In the latest flash CPI numbers for May, headline inflation fell to 6.1%, a sharp fall from the 7% we saw in April, as well as the 9.2% we were seeing at the end of last year. The big concern in recent months has been core prices which hit a record high of 5.7% in March and fell to 5.3% in the most recent numbers released earlier this month. Based on these numbers alone one can understand the ECB’s reluctance to stop hiking, however there are already risks emerging that might suggest the ECB could be close to its own pause moment.
These risks are sharp slowdowns in PPI, which tends to act as a leading indicator for future inflation trends with German PPI now in negative territory. The German economy is also in recession, along with the rest of the eurozone, and yet various ECB policymakers are still calling for several more rate rises, including the likes of Joachim Nagel head of the German Bundesbank due to still high levels of CPI inflation.

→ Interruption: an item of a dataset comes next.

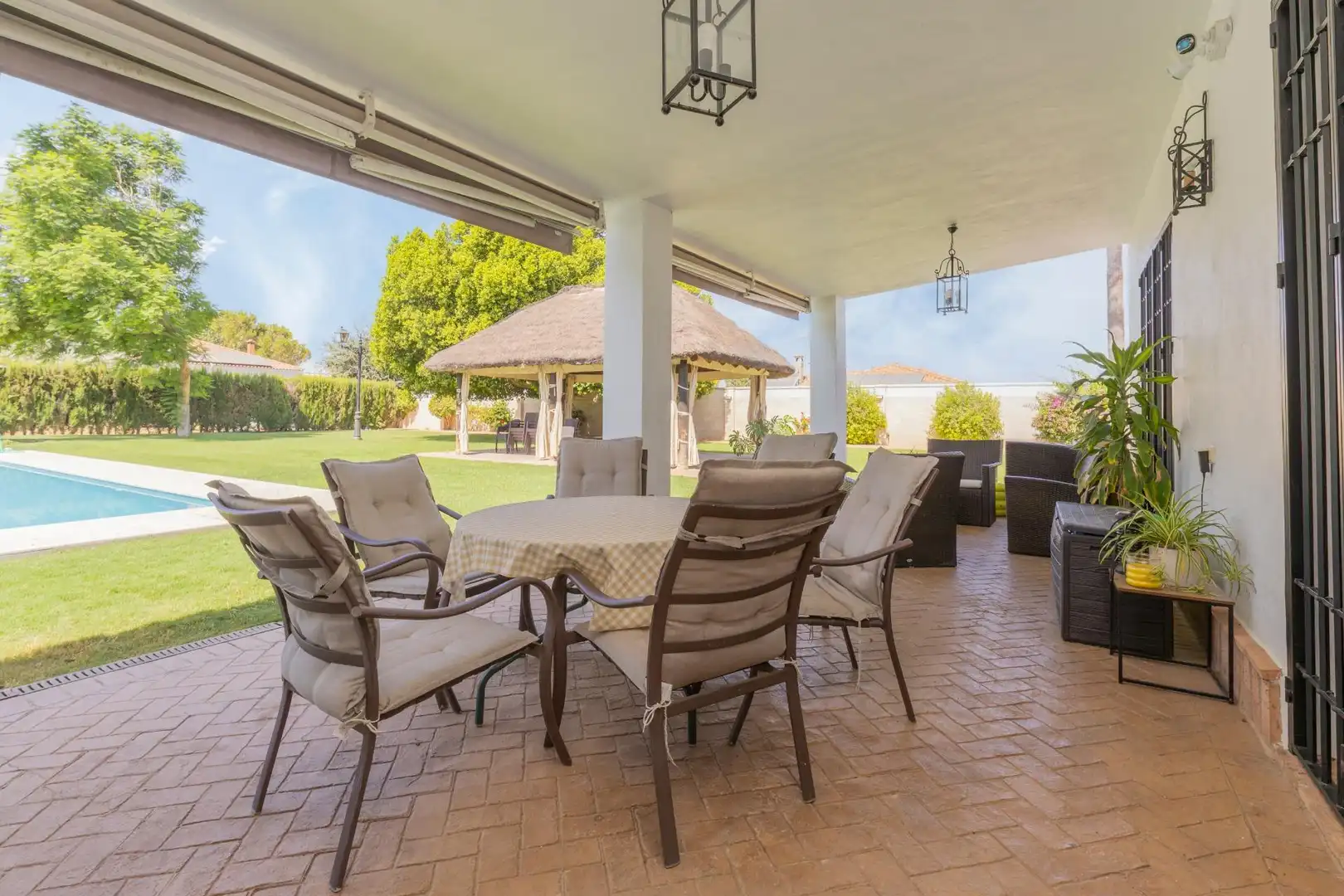 Casa o chalet en venta en Avenida JUNTA DE COMPENSACION, 14, Rinconada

This comes across as particularly risky at a time when we are starting to see increasing signs of deflation across the global economy. Whatever the ECB does today, and a hike is priced in, it is what comes next which is very much up for debate, where ECB President Christine Lagarde will need to tread carefully.
Will the hawks on the ECB maintain their hawkish narrative or will see those claws start to get reined in until we get a better idea of the cumulative effect that the current spate of rate hikes has had.
Coming so soon after last nights Fed decision we get US retail sales for May and weekly jobless claims.
Retail sales for May are expected to decline by -0.2%, down from 0.4% in April, while weekly jobless claims which spiked up to 261k last week are expected to slip back to 245k.
The last time we spiked above 260k a few weeks ago it was revised away. Will the same thing happen today?
EUR/USD – pushed above the 1.0820/30 area yesterday and closing in on the 50-day SMA at 1.0880, with resistance now at 1.0920. We still have support back at the recent lows at 1.0635.
GBP/USD – broke above trend line resistance from the 2021 highs at 1.2630 and testing above 1.2680 with the next resistance at 1.2760, which is a key barrier for a move towards the 1.3000 area. We have support at 1.2450.
EUR/GBP – still looking soft despite the key day reversal day earlier this week, but still above 0.8540 support. A break below 0.8530 targets a move towards 0.8350. Resistance at 0.8620.
USD/JPY – still trying to move through the 140.30 area with resistance behind that at the recent highs at 140.95. Upside remains intact while above 138.30.